:: Your assignment ::
Reproduce verbatim the line containing "Gill 1072 OS" and every line that follows it through the end of the entries below, omitting all pictures.

____

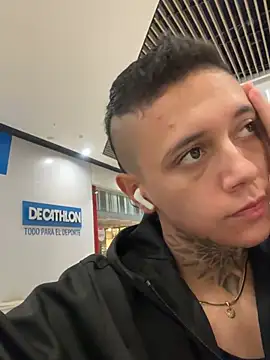 Snapshot of _PhillipBrown chatting on March 12, 2025, 12:36 pm PhillipBrown online show from March 12, 2025, 12:36 pm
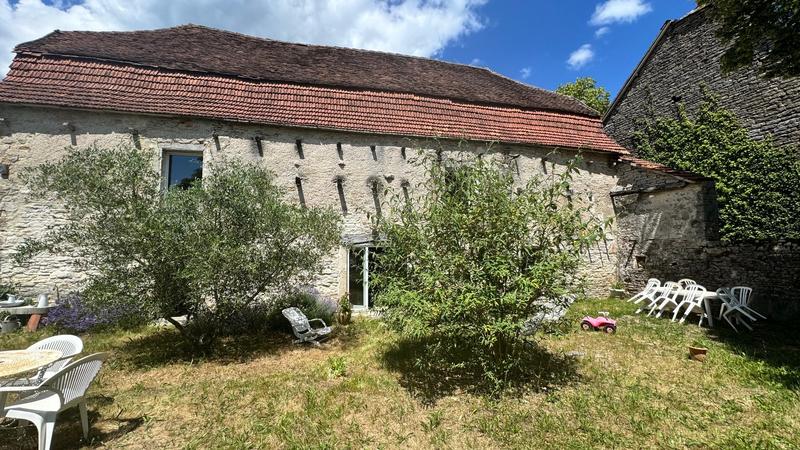 Maison - 300 m² - 7 pièces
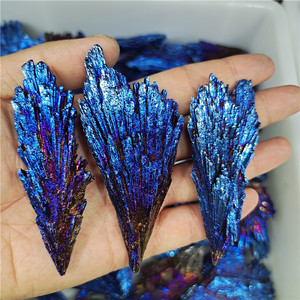 Commercio all'ingrosso placcato naturale ruvido grappoli di cristallo di piume di pavone di Aura <span class=keywords><strong>tormalina</strong></span> <span class=keywords><strong>nera</strong></span> per la vendita - Product Image 2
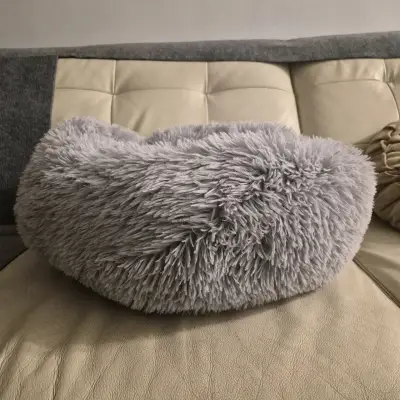 Cama para mascotas gris peluda y cómoda - miniatura 2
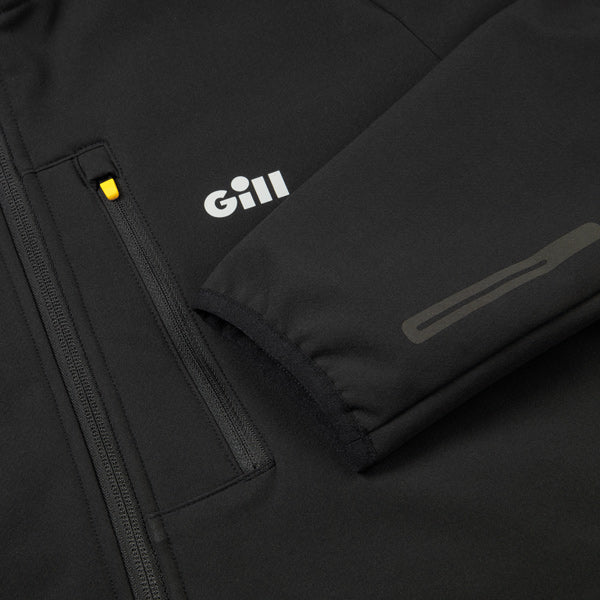 Gill 1072 OS jakke iført af en person i bådmiljø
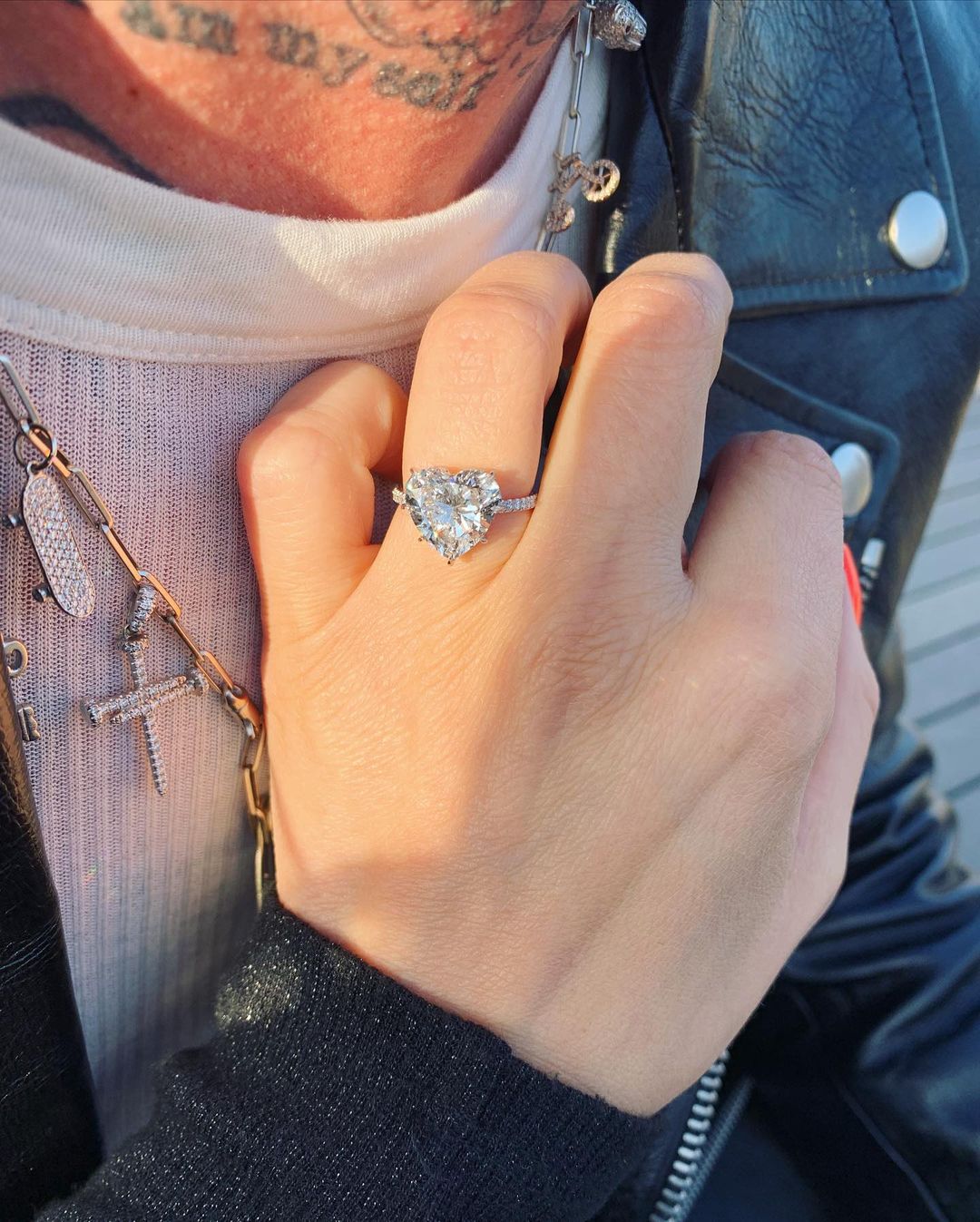 Avril Lavigne shows off her heart-shaped diamond engagement ring.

____

:: Problem solution ::
 Gill 1072 OS jakke iført af en person i bådmiljø
 Avril Lavigne shows off her heart-shaped diamond engagement ring.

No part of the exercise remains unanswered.